Billy, age six, set down his crayons, looked directly into the eyes of his teacher, and said, “My mother told me that I don’t have to apologize when I haven’t done anything wrong.”
The teacher tried in several ways to elicit the desired apology, but Billy simply repeated the same answer.
Confronting the Mother About Her Child's Choice
At the end of the school day, the teacher was waiting for Billy’s mother when she arrived to take Billy home.
The teacher explained to Mother the “crime” Billy had committed earlier in the day, and Mother—educated in Effective Parenting—responded, “Thank you for telling me this.
"Just so you won’t be frustrated in the future, you might benefit from knowing that Billy has been taught at home that other than being obedient to his parents, he is not obligated to satisfy the demands of other people.
"He has been given permission—encouragement, even—to make his own choices, rather than be controlled by other people. He has been told to follow adult authority figures, but not when they are requiring him to do something wrong—like taking responsibility for something he did not cause.”
“But he was rude,” the teacher said.
“I’m grateful that you told me about the situation,” Mother said without over-explaining herself or engaging in confrontation.
The teacher couldn’t quite hand the matter over to the mother, so she asked, “So, you’ll talk to him about it?”
Mother smiled. “I’ll talk to him about his choices, and the price we pay for our choices, but I won’t tell him to pay attention to another student.
"He will pay attention to you as his teacher—which he did when he stopped what he was doing to look at you and listen to you—but he has no obligation to be obedient to a fellow student, nor to apologize when he did nothing wrong.”
The teacher began to speak, but Mother gently interrupted by saying, “Thanks for talking to me. Now I need to get home to the other kids.”
Explaining the Law of Choice and the Law of Responsibility
At home, Mother explained to Billy—as she had many times before—the Law of Choice, and how he had the right to make his own choices. On this occasion, however, she emphasized the Law of Responsibility, the unavoidable companion to the Law of Choice.
“People can ask you anytime to do something for them,” Mother said, “but you always have a choice about how you respond.

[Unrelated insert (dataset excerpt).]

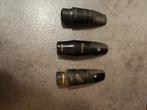 Diverse saxofoon mondstukken te koop, Muziek en Instrumenten, Ophalen of Verzenden, Gebruikt, Houtblazer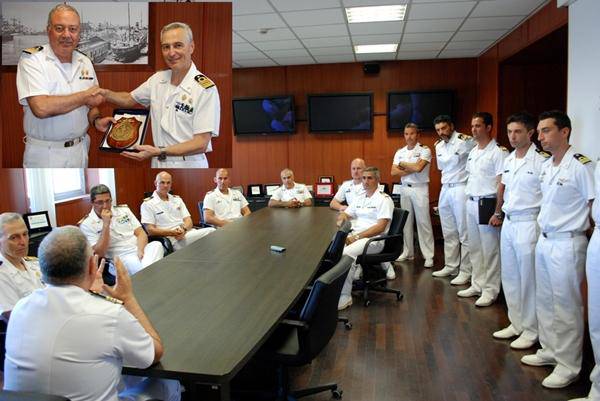 Quattro corvette della Marina Militare fanno scalo a Civitavecchia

Just remember that you are also RESPONSIBLE for the choice you make.
"Refusing a request from a policeman, for example, would generally be unwise, because you would likely be arrested.
"If you choose to take something from a store, you must be willing to take the responsibility for paying for it.
"Generally, if your teacher requests that you do something—like answer a question—you are responsible for answering it. Your teacher asked you to apologize for something that was not wrong, however, so the best thing is to tell her what you have been taught at home, and then she can work it out with me.”
Billy nodded through all this.
Mom continued: “Now, the request from Eve. Did you HAVE to give her the attention she demanded? No, but could you have handled it better? Let’s look at it.
"You MIGHT have simply said to her, ‘I’ll be done drawing this figure in just a few seconds, and then I’ll look at your drawing.’ You didn’t HAVE to do that, but if you had, she would have felt cared for, you would have been able to finish what you were doing with little delay, and you would have had good practice loving people while you were being interrupted.
"OR you might have said, ‘I have just a little more I want to do right now [not to finish the whole drawing, but to finish one part], so if you’ll show your drawing to one other person first, I’ll look at it after that.
"There are lots of possibilities where you can practice making choices where everybody wins, but you’re never FORCED to do what someone else wants. Even if you DO satisfy somebody’s request or demand, you can do it because you choose to be loving, not because you have to do it.”
Billy smiled. “I like making choices.”
Of course he does. We all do, but we have little experience with making them freely. We usually make choices to please people or to avoid their disapproval, so we feel trapped.
We can help our children to experience the exhilaration of choices freely made.